Airflow Jinja Templating in params

Question:

I have an Airflow operator which allows me to query Athena which accepts a Jinja templated file as the query input. Usually, I pass variables such as table/database names, etc to the template for create table and add partition statements. This works fine for defined strings.

My task definition looks like this:

        db = 'sample_db'
        table = 'sample_table'
        out = 's3://sample'
        p1='2020'
        p2='1'

        add_partition_task= AWSAthenaOperator(
            task_id='add_partition',
            query='add_partition.sql',
            params={'database': db,
                    'table_name': table,
                    'p1': p1
                    'p2': p2},
            database=db,
            output_location=out
        )

The SQL file being templated looks like:

ALTER TABLE {{ params.database }}.{{ params.table_name }} ADD IF NOT EXISTS
PARTITION (partition1= '{{ params.p1 }}', partition2 = '{{ params.p2 }}')

This templating works fine.

The extension to this is to allow ‘partition1’ and ‘partition2’ to be defined by a jinja templated variable containing an XCOM pull from an earlier task which converts a date into Financial Year and Period. Using date as the partition is a possibility but I am interested in whether params can be forced to accept Jinja templates.

The code I would like to use looks like the following:

        db = 'sample_db'
        table = 'sample_table'
        out = 's3://sample'
        p1 = '{{ task_instance.xcom_pull(task_ids="convert_to_partition", key="p1") }}'
        p2 = '{{ task_instance.xcom_pull(task_ids="convert_to_partition", key="p2") }}'

        add_partition_task= AWSAthenaOperator(
            task_id='add_partition',
            query='add_partition.sql',
            params={'database': db,
                    'table_name': table,
                    'p1': p1
                    'p2': p2},
            database=db,
            output_location=out
        )

So now params.p1 and params.p2 contain a Jinja template. Obviously, params does not support jinja templating as the SQL rendered contains the string literal ‘{{ task_instance….’ rather than the rendered XCOM value.

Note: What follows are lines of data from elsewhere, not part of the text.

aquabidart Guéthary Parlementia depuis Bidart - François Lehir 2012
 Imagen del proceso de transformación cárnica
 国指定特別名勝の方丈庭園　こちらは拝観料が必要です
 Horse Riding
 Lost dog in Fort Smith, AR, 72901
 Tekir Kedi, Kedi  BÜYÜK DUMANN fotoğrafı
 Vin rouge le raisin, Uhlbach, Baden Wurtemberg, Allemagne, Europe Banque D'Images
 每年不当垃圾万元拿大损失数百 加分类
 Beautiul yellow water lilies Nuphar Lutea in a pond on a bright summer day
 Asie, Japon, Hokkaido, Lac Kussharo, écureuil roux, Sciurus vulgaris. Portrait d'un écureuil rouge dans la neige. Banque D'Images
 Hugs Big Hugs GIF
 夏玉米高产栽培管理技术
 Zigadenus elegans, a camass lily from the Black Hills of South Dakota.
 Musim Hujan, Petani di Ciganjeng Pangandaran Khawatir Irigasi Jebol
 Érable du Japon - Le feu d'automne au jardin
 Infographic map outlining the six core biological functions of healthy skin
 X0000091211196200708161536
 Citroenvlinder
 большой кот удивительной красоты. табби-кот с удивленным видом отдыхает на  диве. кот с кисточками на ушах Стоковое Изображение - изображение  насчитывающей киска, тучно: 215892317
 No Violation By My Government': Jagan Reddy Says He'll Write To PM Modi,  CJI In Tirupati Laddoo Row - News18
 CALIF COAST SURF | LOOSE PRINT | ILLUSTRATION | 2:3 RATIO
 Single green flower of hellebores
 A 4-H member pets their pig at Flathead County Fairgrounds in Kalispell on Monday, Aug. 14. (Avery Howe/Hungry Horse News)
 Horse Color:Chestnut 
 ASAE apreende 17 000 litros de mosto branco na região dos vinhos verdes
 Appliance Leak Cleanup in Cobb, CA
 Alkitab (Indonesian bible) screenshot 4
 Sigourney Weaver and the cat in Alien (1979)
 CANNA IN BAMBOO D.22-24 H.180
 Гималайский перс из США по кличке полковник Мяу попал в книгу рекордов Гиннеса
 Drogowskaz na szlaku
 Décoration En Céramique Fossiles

Adding params to the template_fields in the operator implementation is not enough to force it to render the template. My operator only extends BaseOperator and uses an AthenaHook which extends AwsHook.
Does anyone have some experience with passing templated variables in a params like structure or an alternative approach?

Asked By: cmclel

||

Answers:

Since AWSAthenaOperator has both query as a templated field and accepts file extension .sql, you can include the jinja template in the files themselves.

I modified your AWSAthenaOperator a bit to fit the example.

add_partition_task= AWSAthenaOperator(
    task_id='add_partition',
    query='add_partition.sql',
    params={
        'database': db,
        'table_name': table,
    }
)

Here is what the add_partition.sql could look like.

INSERT OVERWRITE TABLE {{ params.database }}.{{ params.table_name }} (day, month, year) 
SELECT * FROM db.table
WHERE p1 = "{{ task_instance.xcom_pull(task_ids='convert_to_partition', key='p1') }}" 
  AND p2 = "{{ task_instance.xcom_pull(task_ids='convert_to_partition', key='p2') }}"
;
Answered By: Alan Ma